W pierwszym meczu finałowym Asseco Resovia Rzeszów gładko pokonała SVG Luneburg 3:0. Jeszcze lepszą wiadomością był fakt, że to zwycięstwo miało miejsce na wyjeździe. Rzeszowianie na swoim terenie zamierzali dać radość kibicom i przypieczętować zdobycie pucharu CEV.
Emocje do samego końca
Na początku obie drużyny szły punkt za punkt. Jednak w pewnym momencie Torey De Falco zaserwował asa i zespół z Rzeszowa objął dwupunktowe prowadzenie. Niestety nie na długo. Przeciwnicy szybko odrobili straty i wyszli na punkt przewagi (6-7). Rzeszowianie starali się odrobić straty, jednak po wielu własnych błędach ich rywale zdobyli kolejne punkty na swoją korzyść (10-13). Na szczęście drużyna z Rzeszowa starała się i stopniowo zbliżała się do swoich przeciwników, doprowadzając do remisu (20-20). W końcówce rzeszowianie naprawdę wytrzymali presję. Bardzo dobrze odpowiadali na świetną grę przeciwników mimo niezbyt korzystnego przyjęcia. Set zakończył się fantastycznym blokiem Jakuba Kochanowskiego (27-25)!
MAMY PUCHAR!
Gracze SVG Luneburga zaczęli seta od świetnej gry i prowadzenia (0-2). Na szczęście po kilkunastu akcjach drużyna z Rzeszowa wzięła się w garść i dogoniła rywali. Dzięki poprawie przyjęcia udało im się nawet wyjść na dwa punkty przewagi (14-12). I od tego momentu rzeszowianie naprawdę się napędzili. Bardzo dobrze funkcjonował blok, zagrywką była świetna, ale też poprawiło się przyjęcie co dało naprawdę dużo jakości do gry Asseco Resovii. Po bloku Karola Kłosa Puchar wygraliśmy (25-18) i wiadomo było, że trofeum pozostanie w Rzeszowie! Mecz jednak trzeba było jednak rozegrać do końca.

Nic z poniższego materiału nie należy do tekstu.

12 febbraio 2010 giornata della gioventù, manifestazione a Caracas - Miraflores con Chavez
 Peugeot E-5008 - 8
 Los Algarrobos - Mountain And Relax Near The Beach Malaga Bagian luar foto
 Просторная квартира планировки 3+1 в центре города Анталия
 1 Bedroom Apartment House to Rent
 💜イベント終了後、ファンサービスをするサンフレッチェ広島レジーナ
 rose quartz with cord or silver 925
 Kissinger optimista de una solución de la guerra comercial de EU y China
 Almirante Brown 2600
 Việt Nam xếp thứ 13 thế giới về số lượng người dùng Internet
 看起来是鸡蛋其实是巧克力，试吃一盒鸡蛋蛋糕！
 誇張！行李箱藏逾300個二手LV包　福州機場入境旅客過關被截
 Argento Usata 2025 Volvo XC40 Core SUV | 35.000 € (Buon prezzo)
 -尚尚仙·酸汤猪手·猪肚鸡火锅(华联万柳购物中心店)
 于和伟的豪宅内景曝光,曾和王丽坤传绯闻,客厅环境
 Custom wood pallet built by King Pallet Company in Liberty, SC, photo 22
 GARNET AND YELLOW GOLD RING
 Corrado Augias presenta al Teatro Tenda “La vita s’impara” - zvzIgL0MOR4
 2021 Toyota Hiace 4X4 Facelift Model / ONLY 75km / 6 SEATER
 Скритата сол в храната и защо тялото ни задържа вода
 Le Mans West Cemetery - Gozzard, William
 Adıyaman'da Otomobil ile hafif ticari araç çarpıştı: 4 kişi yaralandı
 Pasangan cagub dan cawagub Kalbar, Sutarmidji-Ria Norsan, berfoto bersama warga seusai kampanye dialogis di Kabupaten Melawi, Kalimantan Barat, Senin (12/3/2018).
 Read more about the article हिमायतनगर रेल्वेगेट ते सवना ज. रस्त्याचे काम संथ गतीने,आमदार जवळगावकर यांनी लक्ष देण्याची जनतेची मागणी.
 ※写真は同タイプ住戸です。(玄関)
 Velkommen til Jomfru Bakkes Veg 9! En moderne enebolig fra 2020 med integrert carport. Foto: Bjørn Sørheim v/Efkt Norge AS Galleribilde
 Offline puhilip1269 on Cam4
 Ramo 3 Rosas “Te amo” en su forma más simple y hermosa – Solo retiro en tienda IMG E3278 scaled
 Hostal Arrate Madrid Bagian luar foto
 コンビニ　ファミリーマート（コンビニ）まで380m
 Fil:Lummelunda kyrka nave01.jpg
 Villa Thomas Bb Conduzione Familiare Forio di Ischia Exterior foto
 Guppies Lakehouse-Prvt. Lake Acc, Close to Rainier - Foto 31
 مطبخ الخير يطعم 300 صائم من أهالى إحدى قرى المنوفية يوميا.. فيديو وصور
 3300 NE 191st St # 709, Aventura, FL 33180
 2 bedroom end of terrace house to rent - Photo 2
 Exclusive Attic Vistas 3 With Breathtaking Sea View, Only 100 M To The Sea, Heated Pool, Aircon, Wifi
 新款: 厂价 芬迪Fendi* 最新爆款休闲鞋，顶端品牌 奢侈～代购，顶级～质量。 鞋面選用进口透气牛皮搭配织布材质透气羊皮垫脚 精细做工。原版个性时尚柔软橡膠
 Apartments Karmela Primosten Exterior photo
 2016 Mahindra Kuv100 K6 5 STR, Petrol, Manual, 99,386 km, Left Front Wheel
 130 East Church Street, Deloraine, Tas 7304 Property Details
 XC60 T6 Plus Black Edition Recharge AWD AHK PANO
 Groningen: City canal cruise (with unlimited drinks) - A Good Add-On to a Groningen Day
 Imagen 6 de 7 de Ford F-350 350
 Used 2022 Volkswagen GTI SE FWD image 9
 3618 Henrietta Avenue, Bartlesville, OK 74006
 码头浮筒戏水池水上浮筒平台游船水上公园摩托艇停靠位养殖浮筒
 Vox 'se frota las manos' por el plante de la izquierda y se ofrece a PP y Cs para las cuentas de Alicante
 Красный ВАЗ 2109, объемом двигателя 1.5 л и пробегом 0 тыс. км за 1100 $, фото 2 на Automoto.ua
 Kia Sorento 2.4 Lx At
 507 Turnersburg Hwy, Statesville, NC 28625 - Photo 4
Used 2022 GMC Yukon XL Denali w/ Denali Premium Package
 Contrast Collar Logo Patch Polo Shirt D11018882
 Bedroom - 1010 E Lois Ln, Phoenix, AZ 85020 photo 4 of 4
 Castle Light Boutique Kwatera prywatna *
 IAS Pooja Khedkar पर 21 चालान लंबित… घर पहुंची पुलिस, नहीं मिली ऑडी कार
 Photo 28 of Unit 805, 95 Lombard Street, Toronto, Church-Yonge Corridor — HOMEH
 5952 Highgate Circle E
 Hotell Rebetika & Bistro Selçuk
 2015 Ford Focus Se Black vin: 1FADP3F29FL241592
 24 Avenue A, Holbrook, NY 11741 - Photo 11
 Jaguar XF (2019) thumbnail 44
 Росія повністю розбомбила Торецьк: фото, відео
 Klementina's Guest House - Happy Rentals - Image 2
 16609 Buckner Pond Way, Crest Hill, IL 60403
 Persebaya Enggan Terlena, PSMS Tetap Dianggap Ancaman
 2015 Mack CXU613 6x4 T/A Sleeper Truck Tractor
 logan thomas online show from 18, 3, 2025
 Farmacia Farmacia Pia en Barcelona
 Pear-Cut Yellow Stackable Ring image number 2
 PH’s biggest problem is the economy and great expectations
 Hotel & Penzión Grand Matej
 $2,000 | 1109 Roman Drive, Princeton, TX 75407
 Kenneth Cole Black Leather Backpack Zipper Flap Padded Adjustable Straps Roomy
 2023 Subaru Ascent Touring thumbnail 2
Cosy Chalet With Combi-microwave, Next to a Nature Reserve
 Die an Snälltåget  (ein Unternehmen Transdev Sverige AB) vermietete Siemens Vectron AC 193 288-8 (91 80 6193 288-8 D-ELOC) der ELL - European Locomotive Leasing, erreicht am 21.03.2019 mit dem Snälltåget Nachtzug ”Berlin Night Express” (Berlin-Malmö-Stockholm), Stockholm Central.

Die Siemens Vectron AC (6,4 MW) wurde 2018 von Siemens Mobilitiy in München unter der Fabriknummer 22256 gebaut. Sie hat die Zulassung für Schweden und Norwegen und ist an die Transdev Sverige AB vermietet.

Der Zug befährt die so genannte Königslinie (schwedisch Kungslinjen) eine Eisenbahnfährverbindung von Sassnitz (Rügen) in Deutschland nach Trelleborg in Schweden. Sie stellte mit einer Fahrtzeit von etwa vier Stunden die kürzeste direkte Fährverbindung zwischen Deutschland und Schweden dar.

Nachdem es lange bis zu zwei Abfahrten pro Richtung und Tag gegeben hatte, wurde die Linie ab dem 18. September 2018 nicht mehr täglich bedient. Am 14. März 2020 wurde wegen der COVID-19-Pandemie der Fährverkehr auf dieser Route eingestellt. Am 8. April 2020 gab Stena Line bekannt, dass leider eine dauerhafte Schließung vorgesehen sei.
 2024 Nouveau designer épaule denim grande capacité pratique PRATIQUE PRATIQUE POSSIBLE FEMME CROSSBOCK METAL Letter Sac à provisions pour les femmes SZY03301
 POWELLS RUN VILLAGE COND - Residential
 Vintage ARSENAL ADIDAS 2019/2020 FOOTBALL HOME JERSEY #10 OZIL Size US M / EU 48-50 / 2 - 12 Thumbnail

Już prawie na początku seta zespół z Rzeszowa objął dwupunktowe prowadzenie (3-1). Mimo małych perturbacji gospodarzom przez dłuższy czas udało się utrzymać to prowadzenie. Niestety w pewnym momencie siatkarze z Luneburga doprowadzili do remisu (8-8). Przez błędy rzeszowian jakiś czas później przeciwnicy wyszli już na dwa punkty prowadzenia (12-14). Ale to nie załamało rzeszowian i dzięki konsekwencji gry doprowadzili do remisu. Zawodnicy gospodarzy pokazali, że w kryzysowych sytuacjach umieją trzymać nerwy na wodzy. Dzięki genialnym umiejętnościom w samej końcówce prowadzili (24-21). Atakiem Klemena Cebulja spotkanie zakończyło się wygraną w trzech setach (25-22).